Liberato Vieira da Cunha
W. caminhava na silente companhia de sua solidão quando avistou na calçada oposta alguém que parecia ser Y. Os cabelos longos e dourados, o porte alto, o corpo magnífico eram os mesmos de 30 anos antes. Há sempre na vida de um homem a mulher inesquecível. Ele jamais deletara da memória as reuniões dançantes de sábado em que formavam um par constante, as longas conversas sobre tudo e nada no pequeno jardim da casa dela, os bailes na Reitoria, em que buscavam a cumplicidade do terraço às escuras, a tarde em que, num chalé de Atlântida, imergiram em entrega e posse, o fim amargo do namoro, resultado direto das intrigas de um rival, conspiração que só foi descobrir muito depois e já não havia volta.
W. apressou o passo, docemente inquieto como um garoto, mas Y. evaporou-se. Simplesmente sumiu de seu alcance, desapareceu, talvez num dos imensos prédios de escritórios, talvez no labirinto do shopping da quadra seguinte. Aquilo lhe doeu. À noite, fechou-se no laboratório e mergulhou em lembranças ternas. Vira-a raríssimas vezes pela eternidade de três décadas. Todas tinham sido ocasiões formais: um casamento, no qual os lugares na igreja e na recepção estavam previamente marcados; uma missa de mês, que não costuma ser um acontecimento romântico; uma estréia de gala, em que ela sentou umas 12 fileiras à frente, bem guardada pelo dono. Em cada um desses encontros, cumprimentaram-se de longe, mas ele não deixou de notar o olhar azul demorando-se nele uns instantes a mais, quem sabe por descuido, pela surpresa, ou para que refletisse: W. já não é aquele rapaz esguio, W. tornou-se um senhor grisalho; ou: estes trajes escuros não combinam com idos amores; são como uma espécie de réquiem. Um dos filhos veio pedir-lhe emprestado o carro, ele estendeu-lhe absorto as chaves. Acabava de recordar o Fairlane vermelho do pai dela e o que havia sucedido no banco de trás certa madrugada, numa época extinta, em que as pessoas estacionavam junto à Redenção ou no belvedere de Santa Teresa, sem o mínimo risco de assalto. Ele pediu a São Cristóvão que o filho não fosse vítima de nenhum seqüestro relâmpago e aí concentrou-se numa circunstância que o tempo vinha apagando: buscara em muitas mulheres os traços, o perfume, um jeito com que Y. sacudia lentamente a cabeça e dizia sorrindo: 10 cruzeiros pela lista completa dos teus pensamentos.
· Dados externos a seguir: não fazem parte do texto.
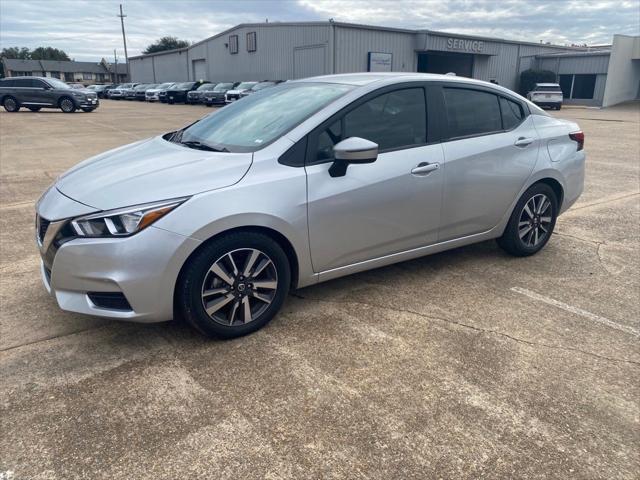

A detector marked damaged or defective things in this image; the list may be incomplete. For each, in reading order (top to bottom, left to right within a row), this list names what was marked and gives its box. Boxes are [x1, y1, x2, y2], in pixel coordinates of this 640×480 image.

asphalt crack [292, 292, 640, 368]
Ele correu a um monte de guias telefônicos, que agora lhe chegavam aos magotes, mas no geral de endereços comerciais. Havia um antigo, residencial, ele achou o número do dono de Y. Acrescentou os novos algarismos de preceito, mas atenderam numa locadora de vídeo. Discou para informações, escutou músicas e publicidade, ao cabo de três minutos uma Valdirene recitou palavras decoradas de cordialidade e indagou em que podia servi-lo. Me serve meus 17 anos, me serve o melhor pedaço de meu passado, me serve Y. no vestido com motivos marinhos, me serve a mulher de minha vida, nua e trajada de desejo. Limitou-se a pedir o telefone do engenheiro K.X.Z. Anotou cuidadosamente e ligou.
Ouviu do outro lado da linha a voz encantadoramente rouca de Y.
– Sou W. – falou, e não descobriu mais nada para dizer.
E então, feito música, lhe chegou uma frase:
– Dez cruzeiros pela lista completa dos teus pensamentos.